If you’re experiencing score envy, cheer up. You, too, can have a high credit score.

  • Pay all of your bills on time. Payment history is 35% of your FICO score. One late payment that’s reported to the credit bureaus can cause a huge drop in your credit score. Set up automatic payments or reminders so you never miss a payment.
  • Keep low utilization ratios on your credit cards. Your credit utilization is 30% of your score. A ratio higher than 30% will lower your score. My insider tip: If you want a score in the stratosphere, keep your ratio under 10%.
  • Maintain a mix of credit. This is 10% of your FICO score. Credit cards are an example of revolving credit. A car loan is an example of an installment loan. This doesn’t mean you should go buy a new car, but keep this factor in mind when the need for credit does arise.
  • Limit credit applications. New credit inquiries make up 10% of your credit score. Each credit card application results in a hard inquiry, which can possibly decrease your score by up to five points. That’s for each application, not overall.

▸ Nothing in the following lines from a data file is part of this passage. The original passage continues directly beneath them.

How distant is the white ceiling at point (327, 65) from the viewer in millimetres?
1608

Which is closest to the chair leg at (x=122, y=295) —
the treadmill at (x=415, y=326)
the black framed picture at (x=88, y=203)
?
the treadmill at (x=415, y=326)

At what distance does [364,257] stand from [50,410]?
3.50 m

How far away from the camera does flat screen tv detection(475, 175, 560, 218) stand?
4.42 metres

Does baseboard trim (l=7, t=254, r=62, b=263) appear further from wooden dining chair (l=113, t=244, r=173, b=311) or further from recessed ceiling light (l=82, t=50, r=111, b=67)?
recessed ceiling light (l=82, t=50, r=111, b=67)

  • Do rate shopping in a short amount of time. If you’re rate shopping for a mortgage or a car loan, pay attention to the time frame. If you complete your comparison rate shopping within 14 days, it counts as only one inquiry. But the window depends on the score that’s used by the lender. Note that older FICO scores and VantageScores allow a two-week period for rate shopping. Newer FICO scores offer a 45-day window. To be safe, nail down your rate within 14 days.
  • Keep credit card accounts open. Your credit history is 15% of your score. A closed account will stay on your credit report for up to 10 years. But it’s still not a good idea to close a credit card account unless there’s an excellent reason to do so. The problem is that you’ll lose the available credit associated with that card. This makes your credit utilization ratio go up, which can make your FICO score go down.
  • Have a budget and track your spending. If you don’t track your spending, you’ll probably spend more than your budget allows. You need a budget to tell you how much you can afford to spend in a particular category. And tracking your spending makes sure you don’t exceed that amount. Ignoring either of these steps can result in credit card debt.
  • Be proactive against fraud. Don’t let all of your hard work on your score go to waste. Scammers often steal credit card account information or open an account in your name. Sometimes, you won’t be aware of it until your score has suddenly gone down. Check your online accounts frequently to look for fraudulent purchases. And check your free annual credit reports to look for any accounts that you did not open.

Practice the basics, and then don’t obsess about your score. You don’t need to check it every day. Monitor it monthly on your credit card statement if your issuer supplies a score. Or use one of the free credit score websites or credit score apps to track your monthly progress. Before you know it, your score will jump into the vaunted 760 credit score range.